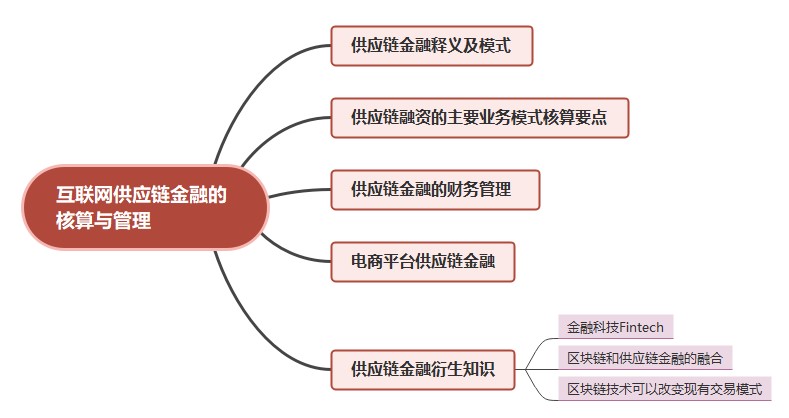 互联网供应链金融的核算与管理（四）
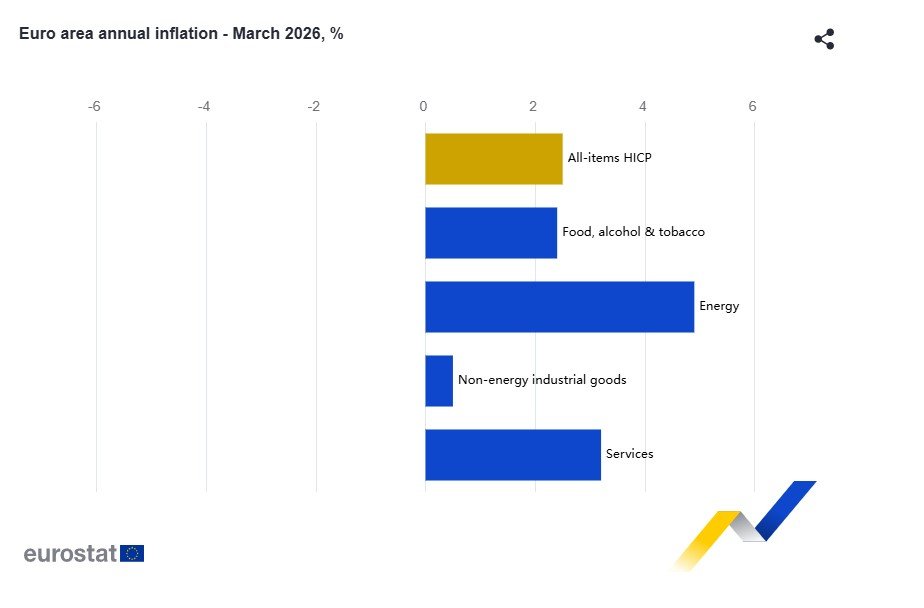 Avrupa’da enflasyon yüzde 2,5 oranında artarak son bir yılın en hızlı artışını kaydetti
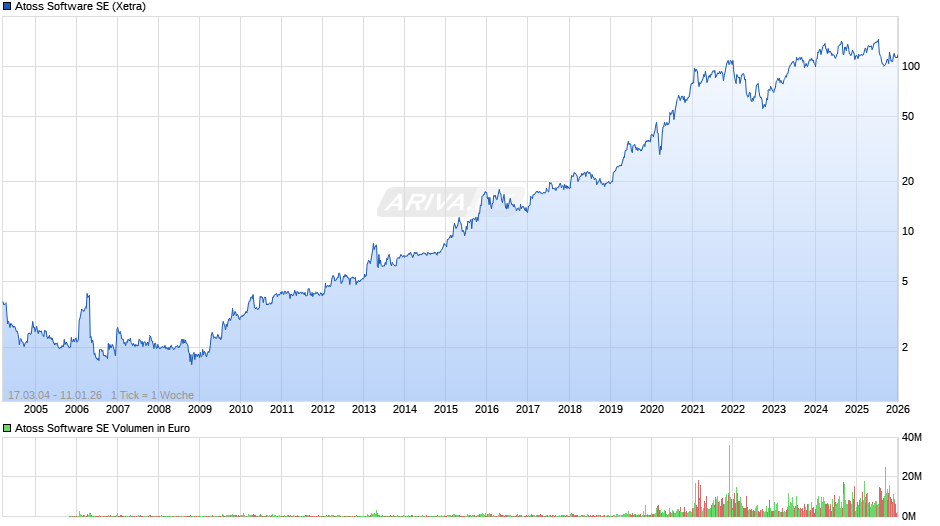 Atoss Software Chart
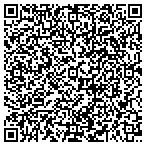 QR code with Mechanical Products contacts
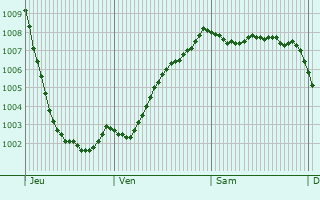 Graphe de la pression atmosphrique prvue pour Waltham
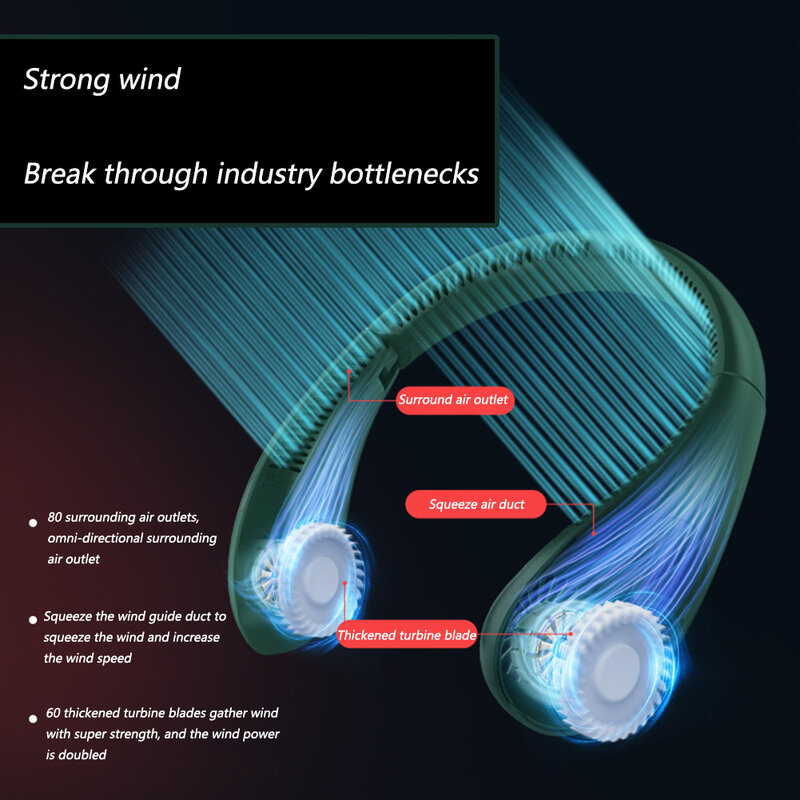 Вентилятор для шеи Xiaomi 360 ° с функцией объемного воздуха, 5000 мА · ч, на батарейках, Usb портативный Перезаряжаемый кондиционер, вентилятор, пер...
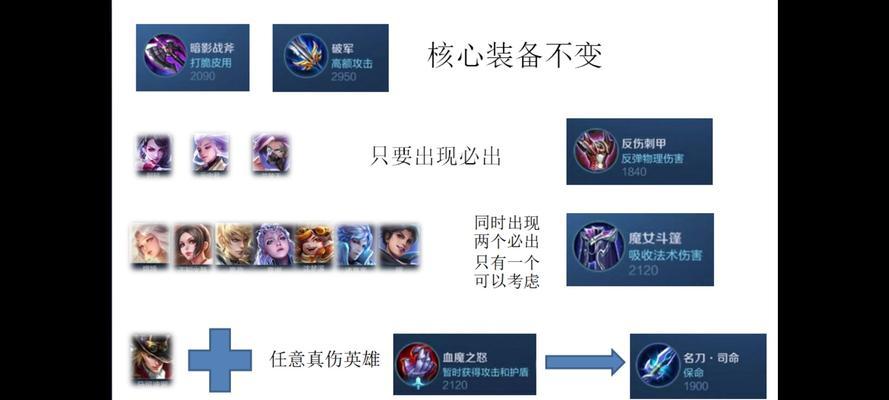 孙策攻略（掌握孙策开局秘籍，快速提升发育能力）
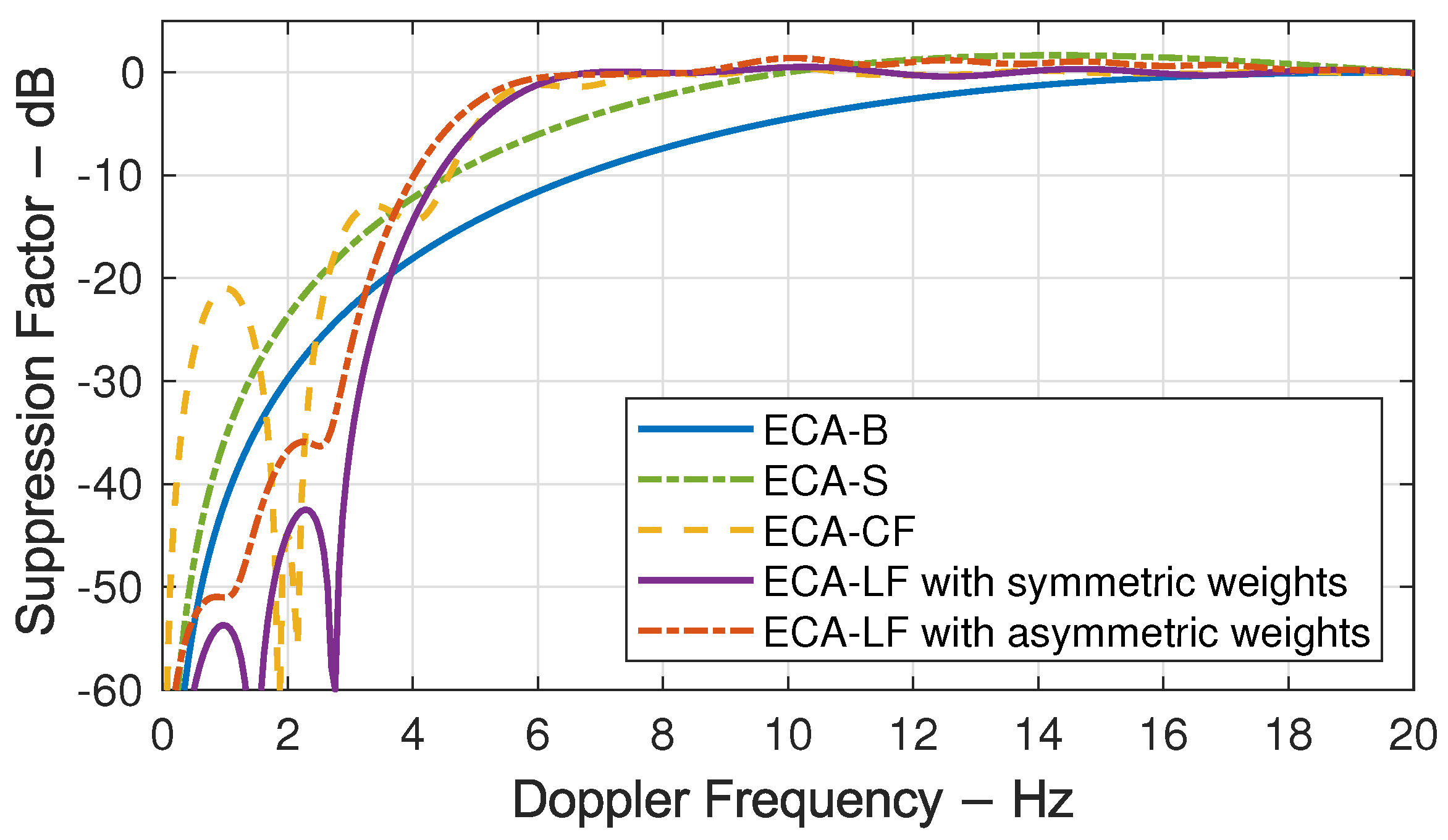 Remotesensing 13 03429 g004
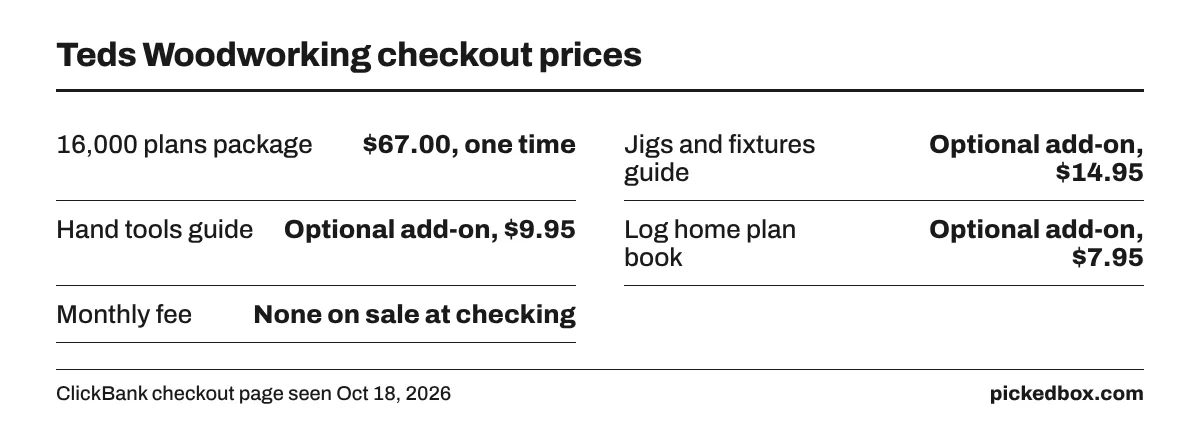 Fact board of the ClickBank checkout: plans package $67.00 one time, optional add-ons at $14.95, $9.95 and $7.95, and no monthly charge.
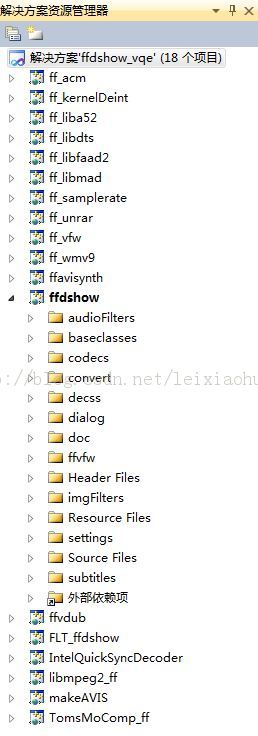 ffdshow Դ�������һ �� ����ṹ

▸ Description of the task:
Please produce an exact copy of the listing, omitting the pictures.

▸ Task result:
 互联网供应链金融的核算与管理（四）
 Avrupa’da enflasyon yüzde 2,5 oranında artarak son bir yılın en hızlı artışını kaydetti
 Atoss Software Chart
 QR code with Mechanical Products contacts
 Graphe de la pression atmosphrique prvue pour Waltham
 Вентилятор для шеи Xiaomi 360 ° с функцией объемного воздуха, 5000 мА · ч, на батарейках, Usb портативный Перезаряжаемый кондиционер, вентилятор, пер...
 孙策攻略（掌握孙策开局秘籍，快速提升发育能力）
 Remotesensing 13 03429 g004
 Fact board of the ClickBank checkout: plans package $67.00 one time, optional add-ons at $14.95, $9.95 and $7.95, and no monthly charge.
 ffdshow Դ�������һ �� ����ṹ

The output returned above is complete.